Sometimes, though, we get mixed up. We get so wrapped up in the sense of belonging to a community that we forget the fact that we’re all individuals. That we all have lives and stories and experiences. We all have worth. We aren’t merely members of a community. We are members of a community, and we are individuals. We all bring something unique to the communities we are a part of. We define the communities, not the other way around. Sometimes we forget this. We can get so wrapped up in the goings-on of the community that we identify as that, rather than with it. It’s an important distinction. Words have meaning. They shape the way we form our own thoughts, and they shape the way others form thoughts about us, and what we say. “Hi, I’m vext, I’m a pentester,” is a different statement from “Hi, I’m vext, I do pentests.”

Why does this kind of nuance matter? Because sometimes we get lost in the groups we identify with. Sometimes we get carried away, and things get unhealthy, for us and for the groups. There are, I’m sure, groups that deliberately seek to bring this about, aiming to prey on the vulnerable and take advantage of them. To indoctrinate. Far more common, I’m sure, it happens all on its own, without the need for any shepherding. Whatever the cause, I’ve seen a lot of it. I’ve seen the vitriol that people hurl at each other, when they are standing up for their tribe against the other. I’ve seen it in political discussions, in matters of vocation, in matters of gender and race, of rockstars and those behind the scenes, of usses and thems.

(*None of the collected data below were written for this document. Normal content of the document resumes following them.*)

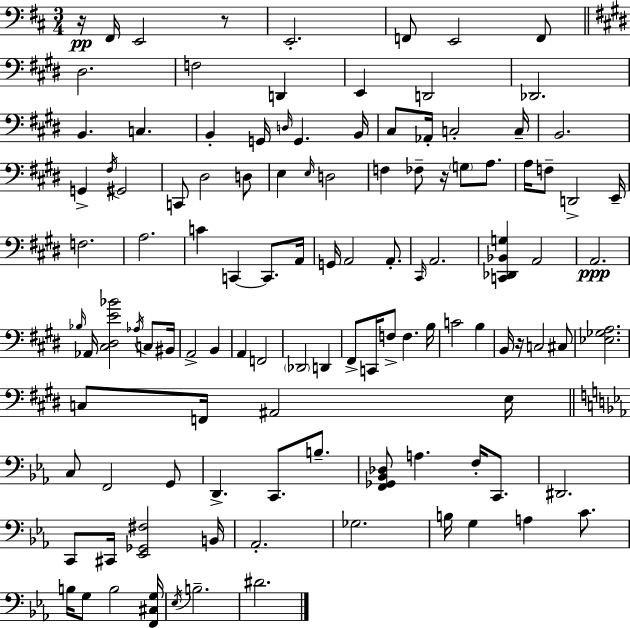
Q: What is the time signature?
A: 3/4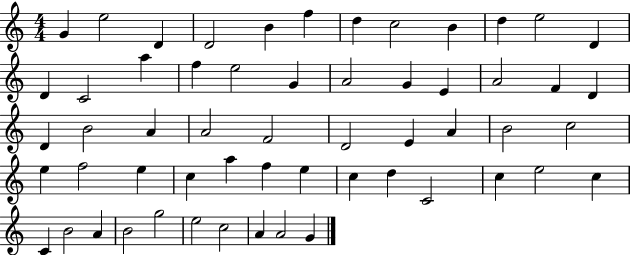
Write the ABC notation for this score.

X:1
T:Untitled
M:4/4
L:1/4
K:C
G e2 D D2 B f d c2 B d e2 D D C2 a f e2 G A2 G E A2 F D D B2 A A2 F2 D2 E A B2 c2 e f2 e c a f e c d C2 c e2 c C B2 A B2 g2 e2 c2 A A2 G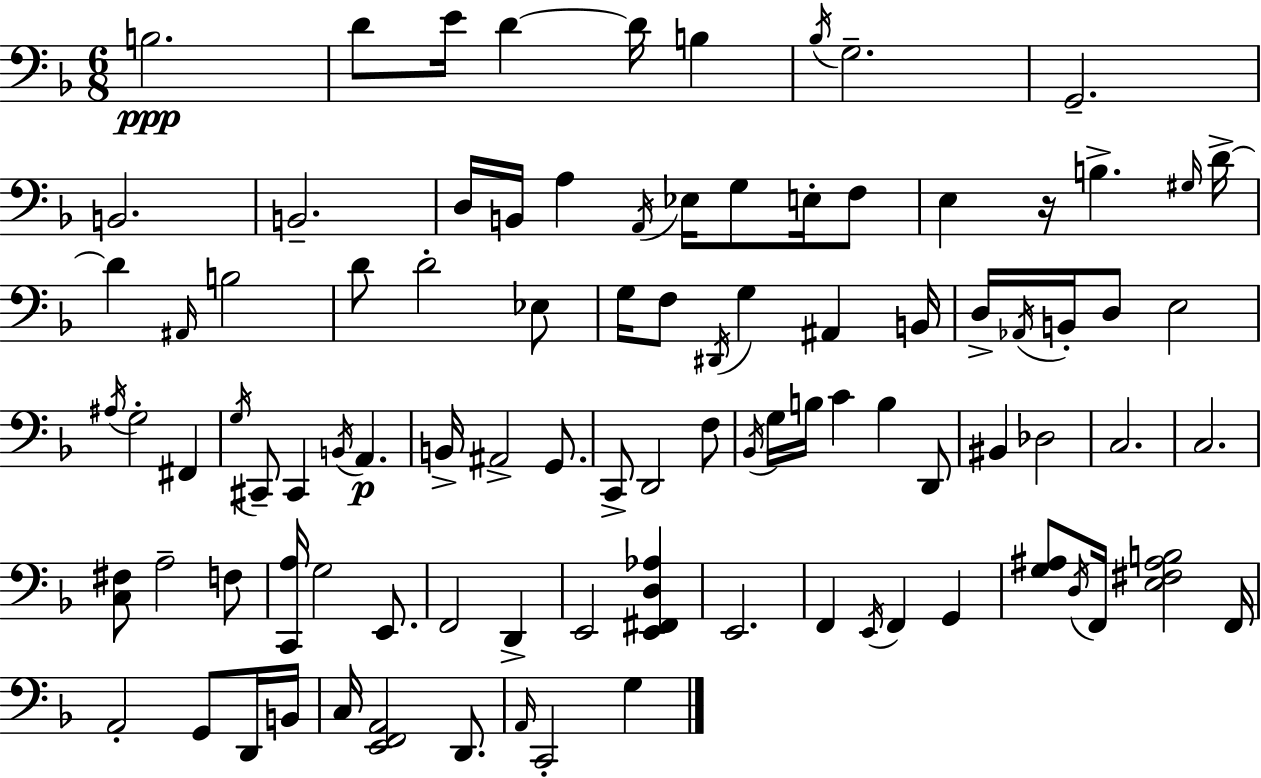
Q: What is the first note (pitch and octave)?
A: B3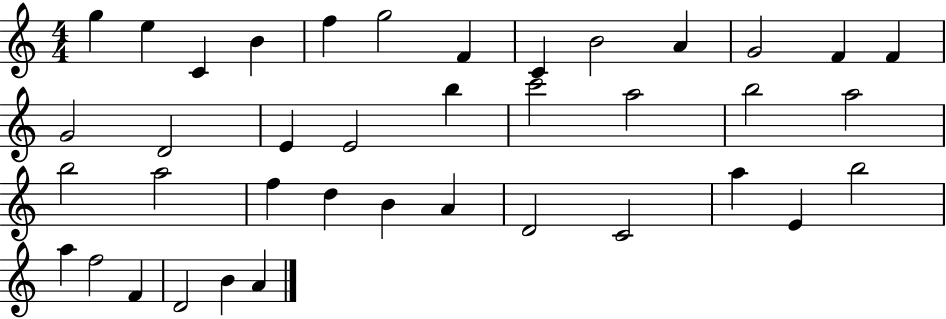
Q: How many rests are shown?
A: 0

Platforms like Twitter make it all too easy to fire off an angry message - short and without the room for any real nuance, thanks to character limits - without taking the time to think about it, first. There is no pause, no space for reflection on what impact the message might have. What repercussions may arise as a result. People re-tweet and like things that they find important, and the algorithms in the background filter and rank and display the things we are most likely to respond to. We might only see part of the story - maybe because we only follow one of the people involved, and Twitter only shows us that person’s tweets, out of context, or because somebody in the conversation is blocked, rendering them silent and deaf to the situation being discussed. It’s like some bizarrely choreographed, amplified version of high-school gossip, and it all too often becomes toxic. Sometimes the toxicity is from those perceived as oppressors, and sometimes it’s from those who consider themselves the oppressed. Sometimes there are real repercussions. Sometimes people get upset. Sometimes people lose their jobs. Sometimes people take their own life.

Social media is a tool, and like any other it can be used for good or bad. The purpose of it should be to communicate with others. To start conversations. To share ideas. To seek the truth and find ways to improve the things we care about. It’s ok to disagree, but civility is important. Trolls and arguments may be entertaining, but they don’t change minds. Conversations are the only way to actually communicate with those who disagree with us. If every encounter devolves into name-calling, ostracizing, and tantrums, we are all wasting a lot of time, effort and attention.

Another aspect of this post is a mea culpa, of sorts; while everything I have described above relates to witnessing the conversations of others, I am not immune to this issue. I’ve tweeted things that would have been better left untweeted (untwatten? untwote?). I intend to improve, in that regard. For my part, I intend to be more thoughtful, before I send a tweet; to consider my words, and what their result might be. I’m not afraid to offend someone, but neither do I want to cause undue harm, or be an irredeemable asshole. For my part, I will think before I tweet. I invite you to join me. May we have more meaningful conversations, and fewer clickbait flame wars, together.